As all good teachers know, students will work much harder for extra-credit points than at the assigned task. I like to take advantage of this convenient trait in my introductory course on evolution. Once my students — nonscience majors at a midwestern land-grant university — understand the basic terms, I offer additional points for answering the questions I really want them to investigate. Find a dozen differences between the skeletons of a chimpanzee and a human being, I challenge them; tell me how a human female skeleton differs anatomically from a male.

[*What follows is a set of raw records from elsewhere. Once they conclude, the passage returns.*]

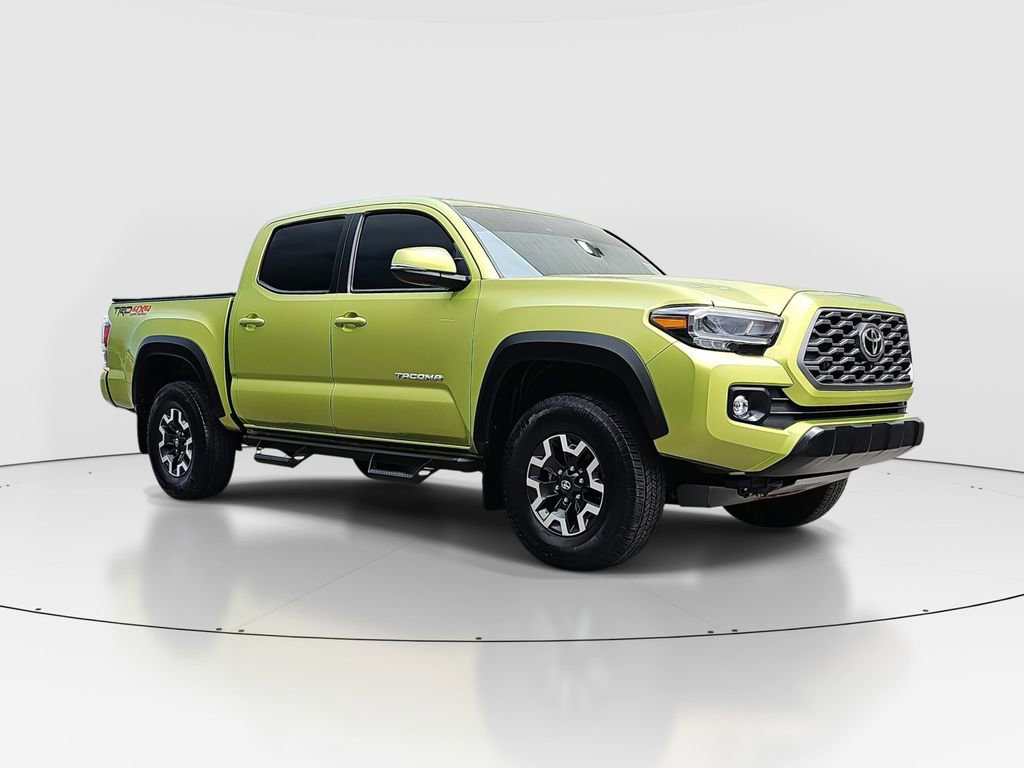 Used 2023 Toyota Tacoma TRD Off-Road w/ TRD Premium Off Road Package AWD/4WD image 3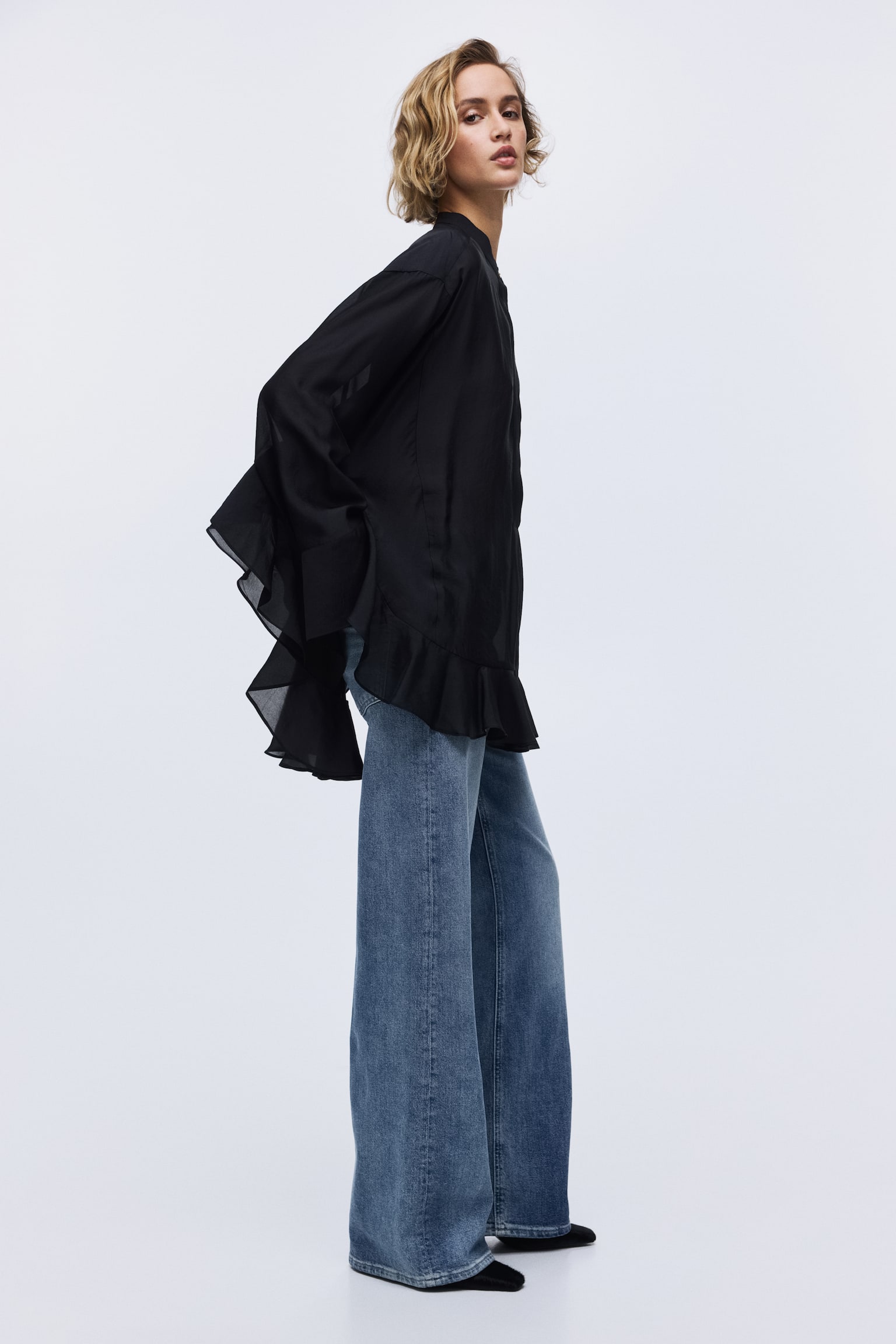 Flounced blouse - Black/White - 1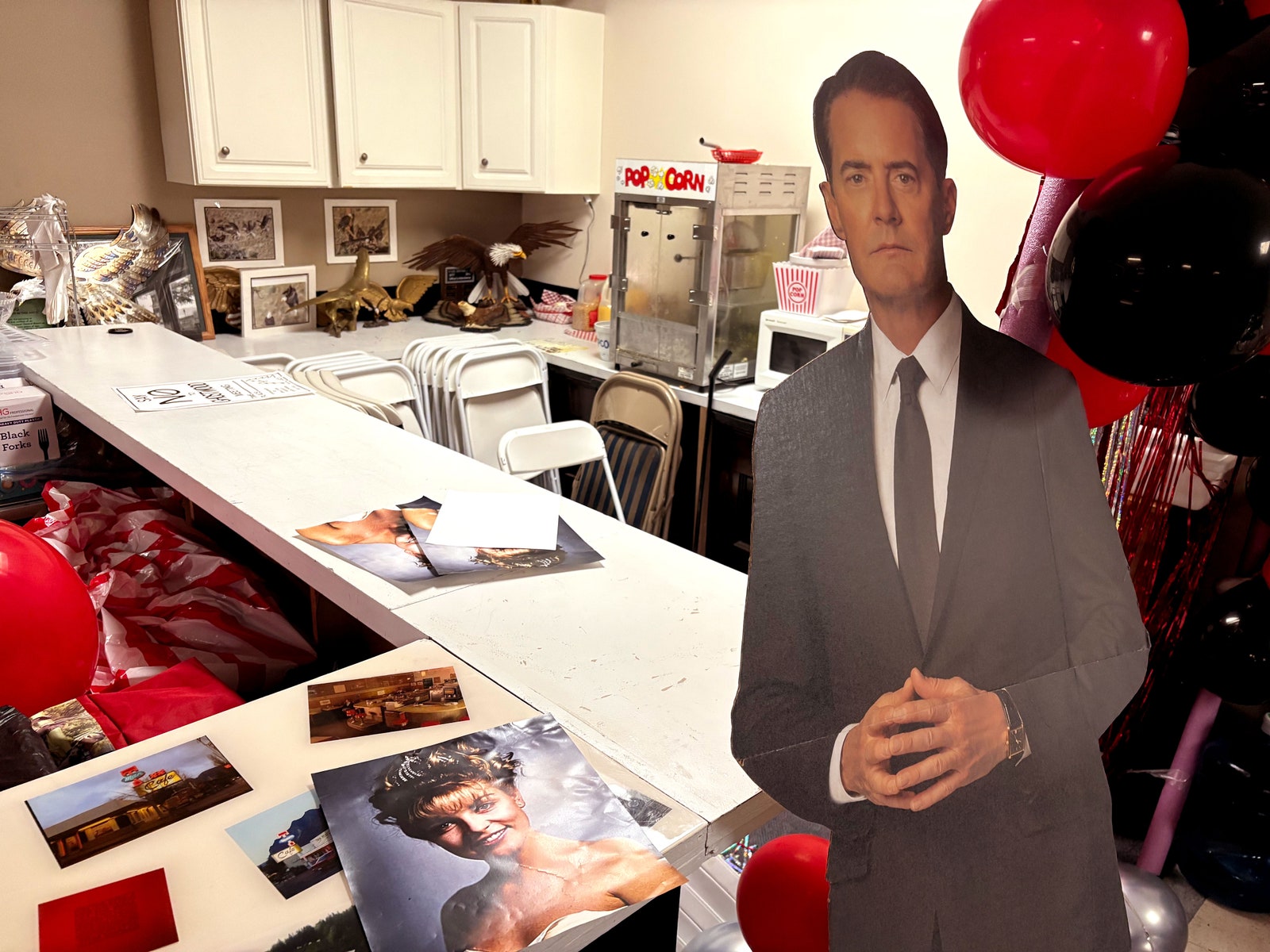 L'image peut contenir Kyle Maclachlan Sheryl Lee Vêtements d'usure formelle Association Adulte Person Accessoires et ballon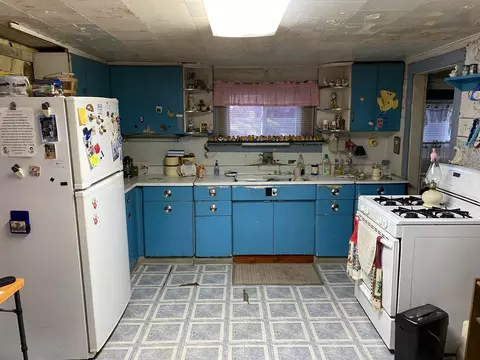 210 E Pearl St, Lanark, IL 61046 photo 4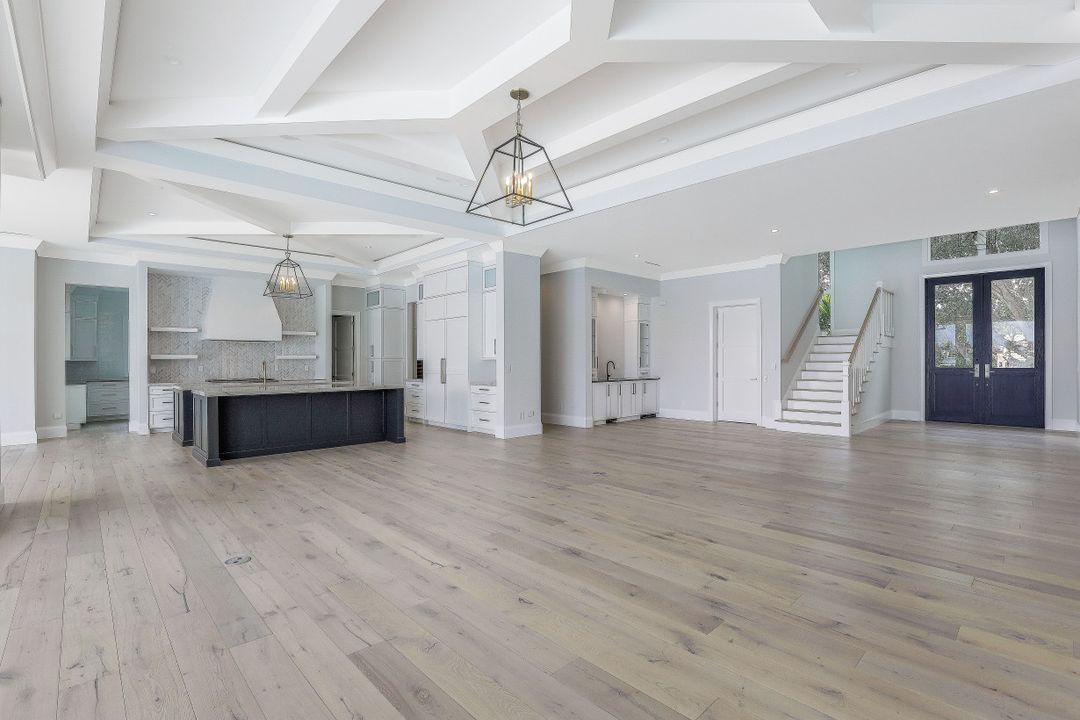 313 Turtle Hatch Rd, Naples, FL 34103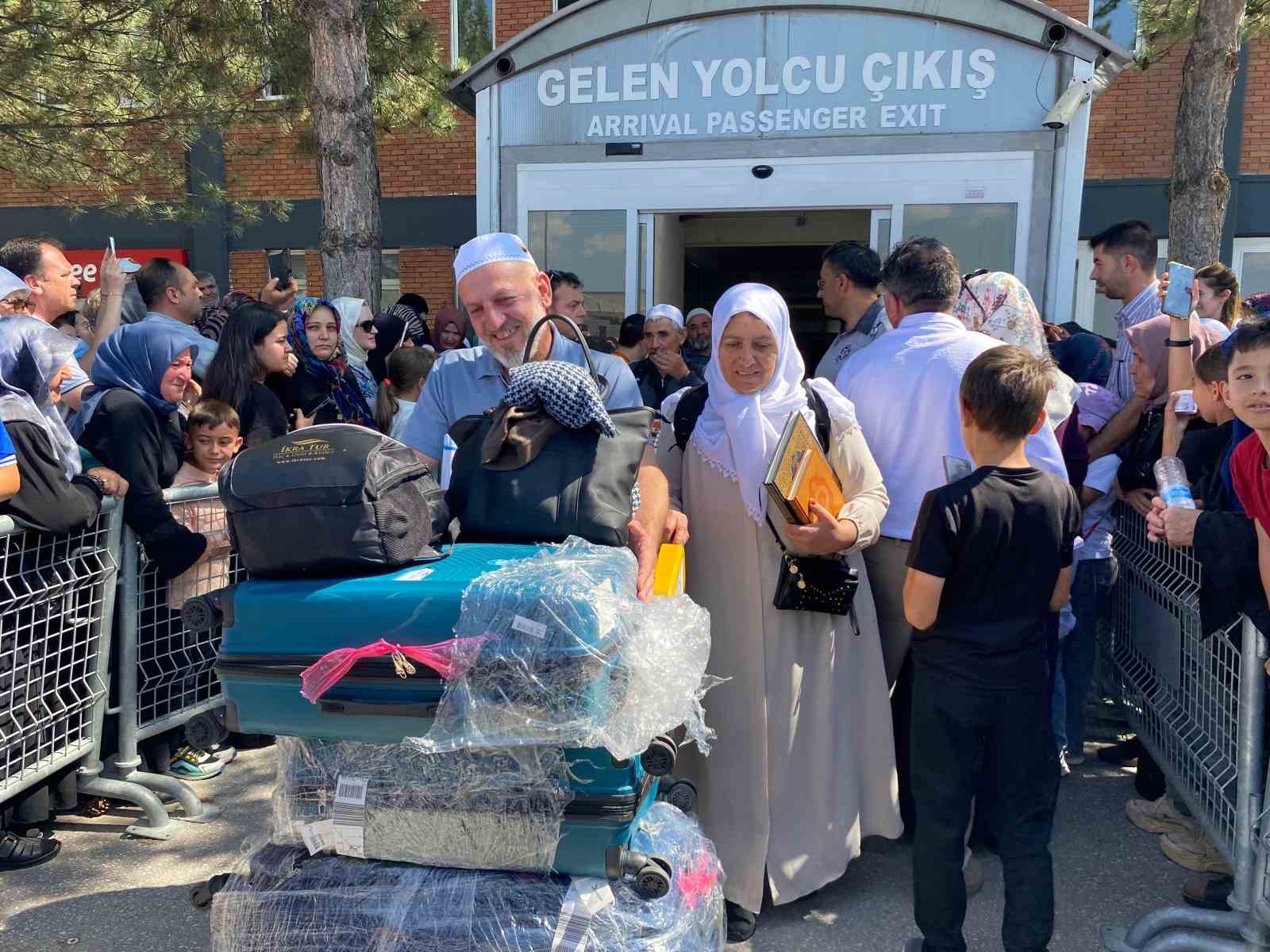 hacdan-donen-dedesini-ve-ninesini-icardinin-hareketiyle-karsiladi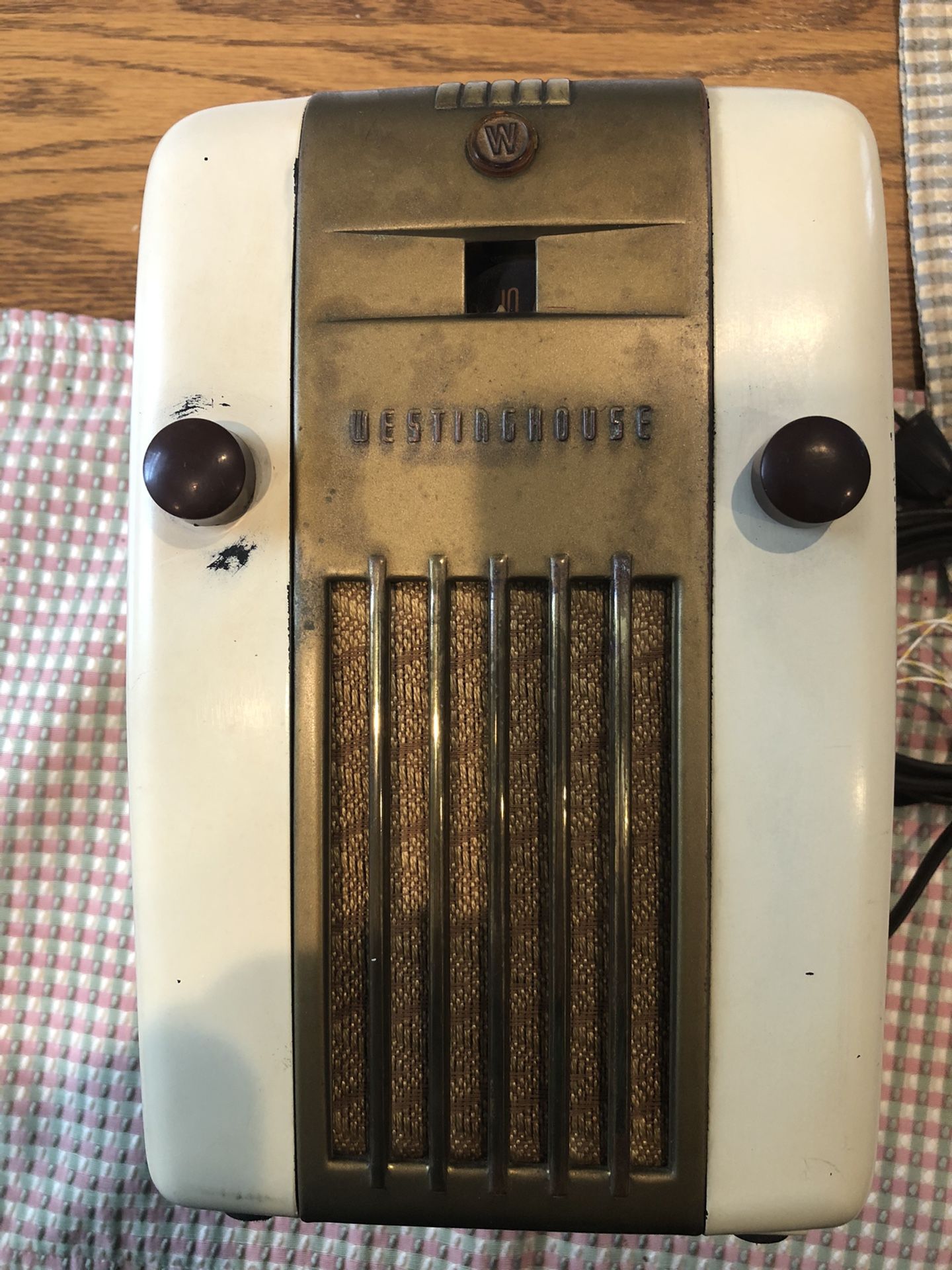Vintage Westinghouse Refrigerator Radio for Sale in Manorville, NY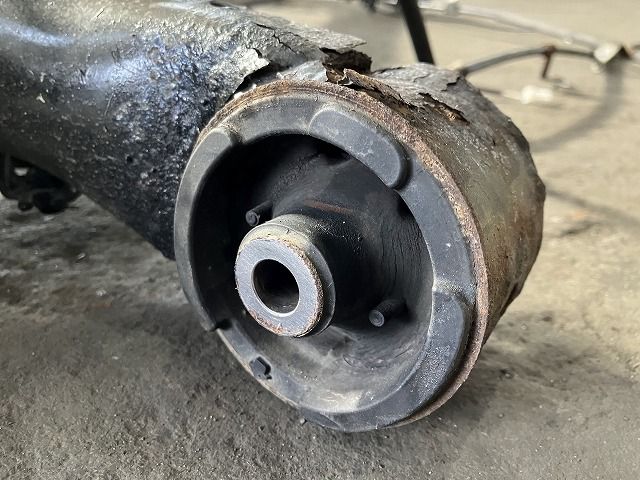 NHP10 リアアクスルビーム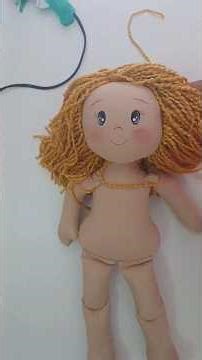 Boneca COM cabelo solto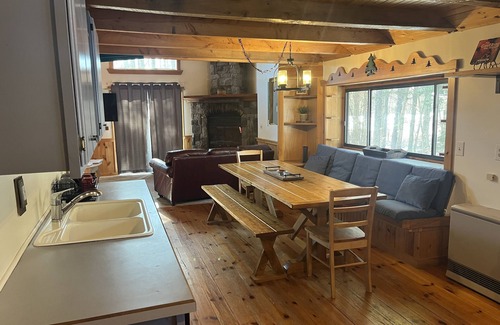 North Conway Cabin | Relax with the whole family at this peaceful 4 bedroom cabin.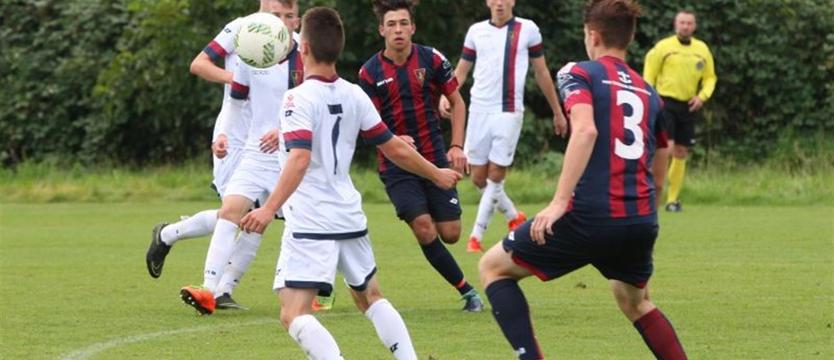 Piłka nożna. Młodsi wygrali ze starszymi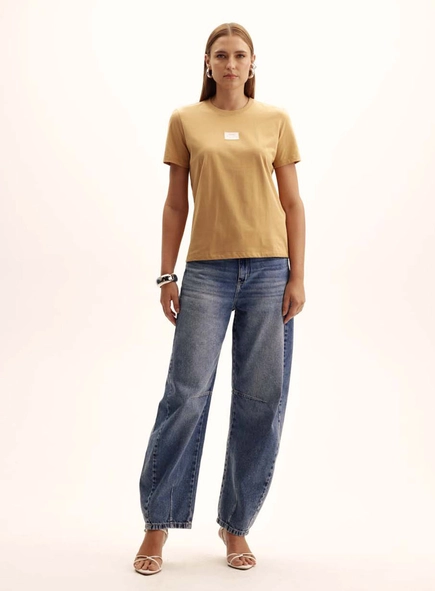 Camiseta Feminina Comfort Manga Curta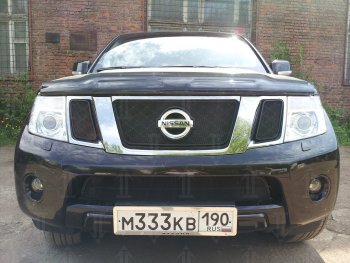 Защитная сетка в бампер (низ, ячейка 3х7 мм) Стрелка11 Стандарт Nissan Navara 2 D40 рестайлинг (2010-2016)  (Чёрная)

The male and female skeletons I display are exemplary in their difference, and since most students should be able to guess what that difference is if they don’t already know, I usually feel confident that the final answer is a giveaway. I say usually because seven years ago, the first time I taught the course, I got a surprising answer that still crops up with alarming regularity. Five minutes into the lab period, a young woman announced that she could answer the question without even examining the human skeletons.
I waited silently for her to explain that the female pelvis is shaped slightly differently from the male’s, with a larger opening for childbearing. That part was the giveaway. The real purpose of the exercise was to make her prove her conjecture with measurements — to translate the theory to practice. I also wanted her to explain why this sexual dimorphism — that is, this sexually determined physical difference — is not nearly so pronounced in nonhuman primates, such as chimpanzees.
She spoke: Males have one fewer pair of ribs than females.
I was totally unprepared for her answer. My mandible dropped. After a moment’s reflection, I realized she must be referring to the biblical story in which God creates Eve from one of Adam’s ribs. My student was someone who believed in the literal truth of the Bible, and it was her religious belief, not her previous knowledge of human anatomy, that made her so sure of her answer. This was going to be a challenge.